According to a press release, Matthew Brent Goettsche, 37, of Lafayette, Colorado; Jobadiah Sinclair Weeks, 38, of Arvada, Colorado; and Joseph Frank Abel, 49, of Camarillo, California were indicted on charges of conspiracy to commit wire fraud (Goettsche and Weeks) and conspiracy to offer unregistered securities through their participation in BitClub Network, a mining pool. The news was first reported by BNN Bloomberg.
Two other unidentified defendants remain at large.
The alleged scammers created false figures meant to demonstrate BitClub’s earnings from its bitcoin mining pool to its investors between April 2014 and December 2019.
An attached indictment showed how Goettsche and an unidentified individual planned how to make their fake numbers look “real” by providing daily earnings inconsistent on a day-to-day basis.
“Goettsche discussed with his conspirators that their target audience would be ‘dumb’ investors, referred to them as ‘sheep,’ and said he was ‘building this whole model on the backs of idiots,’” the release said.
Investors were encouraged both to purchase shares of the mining pool, as well as “rewarded” for bringing on new investors.
Goettsche allegedly directed his co-conspirators to raise and lower the Ponzi’s supposed earnings at various times, while Weeks apparently sent an email in mid-2017 which noted BitClub’s shareholder funds were not used to purchase more mining equipment.
In a statement, John Tafur, Special Agent in Charge of the IRS-Criminal Investigation group’s Newark field office said, “today’s indictment alleges the defendants were involved in a sophisticated Ponzi scheme involving hundreds of millions of dollars that preyed upon investors all over the world.”
The scam was “a classic con game” with a crypto twist, he said.
BitClub has long been an active player in the crypto space too.

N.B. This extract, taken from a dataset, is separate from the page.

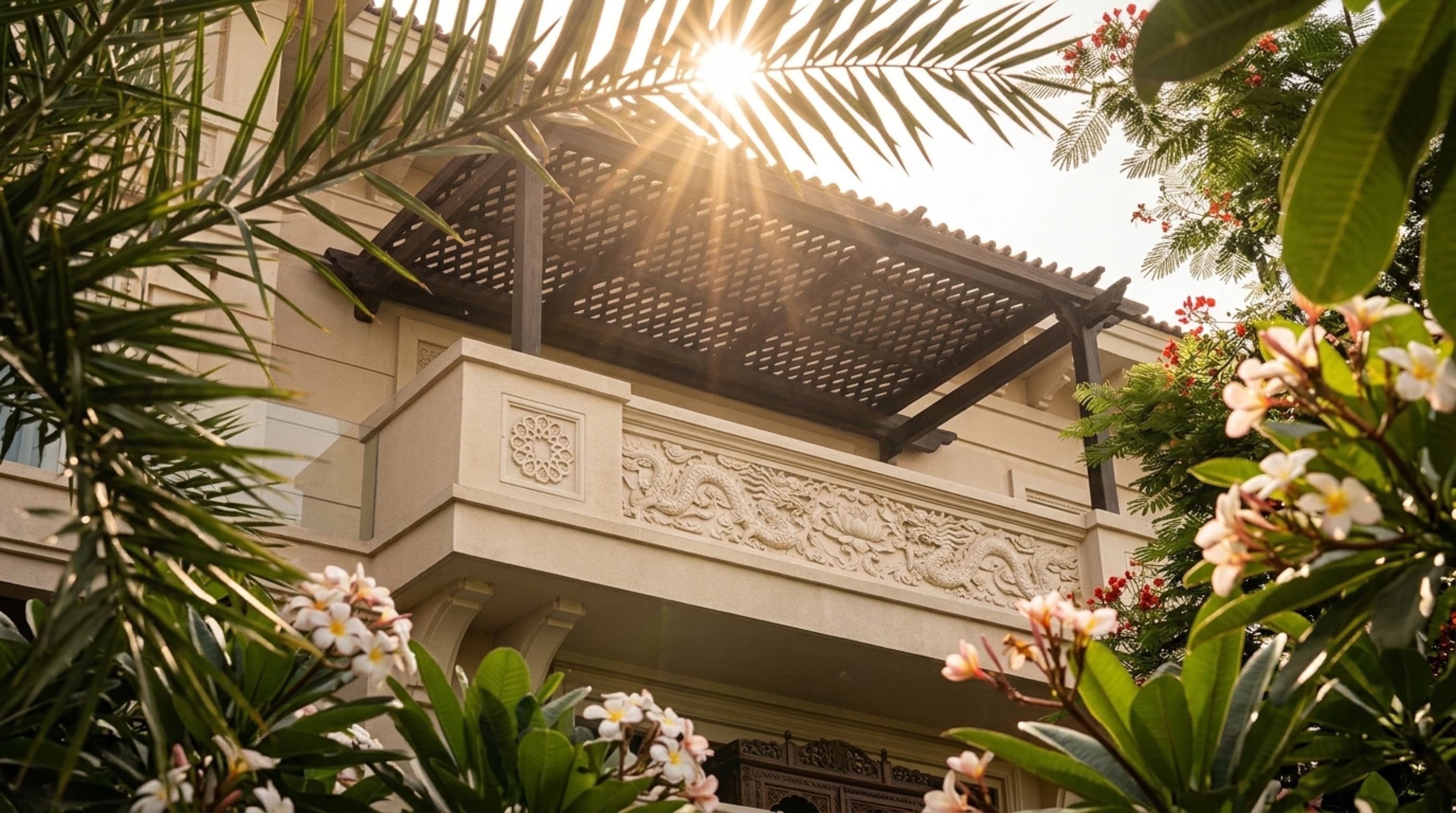 Ngưỡng cửa thế giới riêng tư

The pool claimed to receive $136,000 as part of an errant bitcoin transaction fee, of which it donated half to the Bitcoin Foundation in 2016.
The pool also apparently supported the controversial SegWit2x upgrade (which was eventually pulled) in 2017.
The FBI, IRS-Criminal Investigation and IRS local field offices were all involved in the investigation.
The DOJ is directing potential victims to a page on its website to find out more information or fill out a questionnaire.